Narcissism Looking Confused

Communication with a narcissist is beyond frustration. A narcissist is more interested in dominance than collaboration and your hopeful attempts usually come with the hefty price tag of emotional and mental health.

Letter writing and journaling provide outlets for the crazy you’ve experienced and help reclaim voice and self identity.

A proper letter does not ask anything of a narcissist for a narcissist only gives as means to assert power.

FOUR POINT TEMPLATE:  LOVE LETTER to THE NARCISSIST

  1. What you will no longer allow?  Example:  I no longer give compliance and silence as cover-up for your dysfunction.
  2. What you will give to your self?  Example:  I give myself permission to see the beauty in others. The days of cringing at your barrage of judgment upon others are gone.
  3. Explore voice and self identity – threats to a narcissist! Be impassioned and bold. Example:  I have mulched your dysfunction and used it as compost to bloom beauty and life.
  4. Affirm How does the experience fuel emotional and spiritual growth and motivate you to reclaim voice and authenticity? Example:  I congratulate my mind for persevering and searching for answers. And for ultimately serving my heart’s desire for freedom and love.

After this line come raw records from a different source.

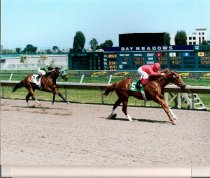 Simply Brilliant Atherton Stakes - 4  15  2001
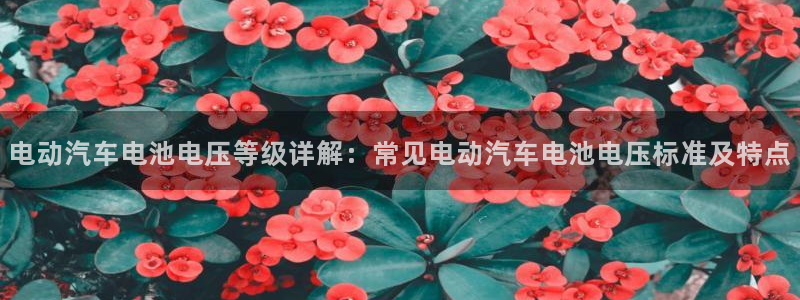 优发国际合并到哪里了最新消息
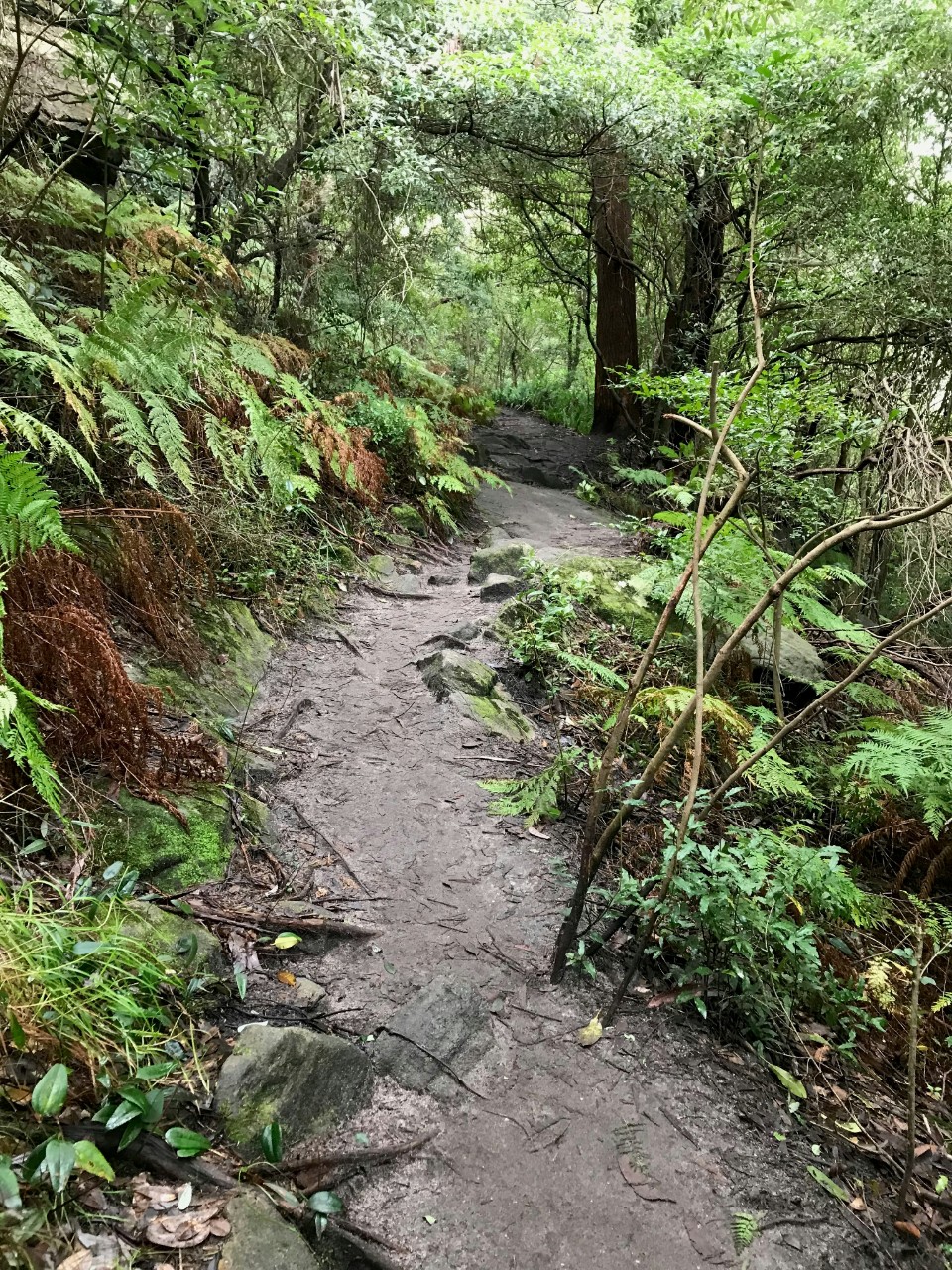 A bushwalking track in Wolli Creek, NSW.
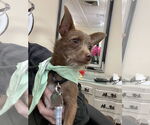 Small #2 Chihuahua Mix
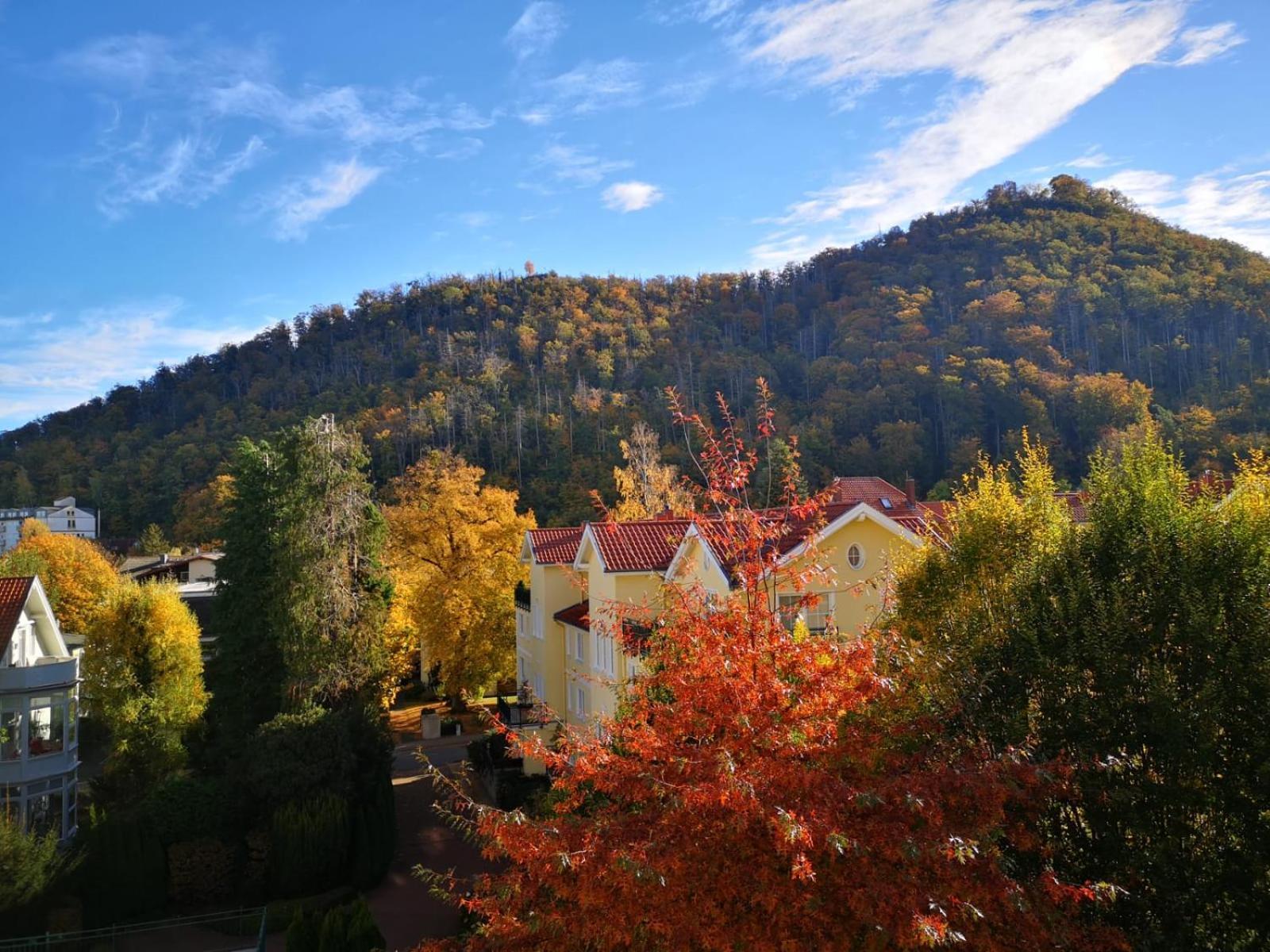 Bergliebe Διαμέρισμα Bad Harzburg Εξωτερικό φωτογραφία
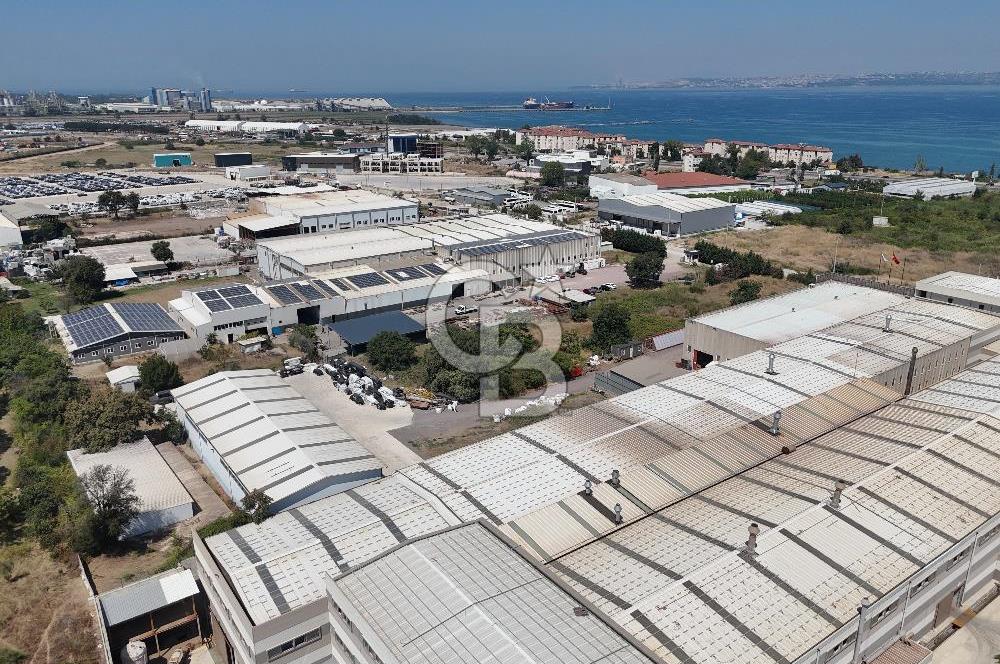 YALOVA ÇİFTLİKKÖY TAŞKÖPRÜ SATILIK FABRİKA!.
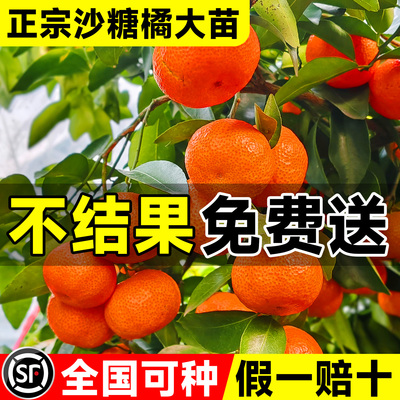【5A级正宗广西砂糖橘】当年结果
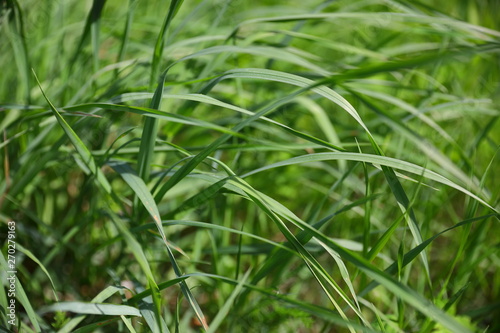 Leaves of grass on a sunny day, side view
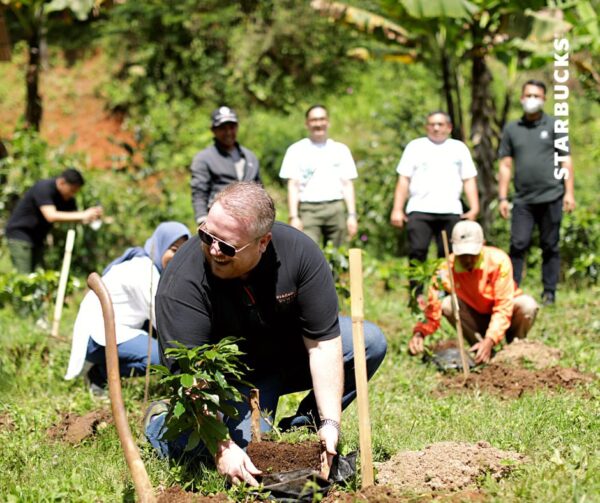 Starbucks Indonesia Donasikan 48 Ribu Bibit Pohon Kopi ke Petani Kopi Jawa Barat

Your words can serve as a Love Letter to your Authentic Self.  This real you is what a narcissist most fears.

I didn’t send my letter and I don’t recommend you do either.  The reclaiming of your voice and self worth are now more important than the crazy-making of trying to get a narcissist to hear you.

My letter is written in support of all who have experienced narcissistic abuse. Please share your thoughts in the comments below.

A PROPER LOVE LETTER for THE NARCISSIST

Dear N,

Over many years, I became familiar with your contradictory language, your avoiding glance and dower stare.  Your narcissistic diatribe was crazy-making and toxic. My dear brain was traumatised.

Years later, here is what I wish to share:

After enduring self-hatred and shame so profound that I literally threw-up for eights years, I am now whole. At last, I’ve woven together the once splintered parts of my self you wryly celebrated amid their disarray.

I’ve triumphed over your petty judgments and self-righteous dictates.

With haughty conviction, you tried to undermine my voice, my lovability, my happiness and self-esteem.  I lived.

Much to your ever-mocking chagrin, my life didn’t fall apart when I went limited contact. Inevitably, no contact.

After you, my life began an upward ascent to clarity. I now breathe fully with all of my lungs–not just the top one-third.

Hand with a Heart for Mental HealthUpon reclamation of my voice, I determine what I am willing to give and not to give.

I no longer give you my indecisiveness, my uncertainly, power over my opinion, overriding superiority, upset of my feelings, a demand to be honored, nor, control over time. I no longer extend to you a desire to be loved or nourished. I no longer yearn for empathy or co-creativity or a real conversation, a heart-to-heart.

I remove the narcissistic supply you fed upon when watching your youngest child self-comfort by incessantly rocking back-and-forth in the car and rocking in bed until she fell asleep. When sleeping outside your bedroom door in fear of not being good enough to save if the house burned down at night.

I no longer give you anger for killing my animal friends. I turned to them for comfort. They kept me alive inside so I could breathe from the channel that serves as pathway home to love.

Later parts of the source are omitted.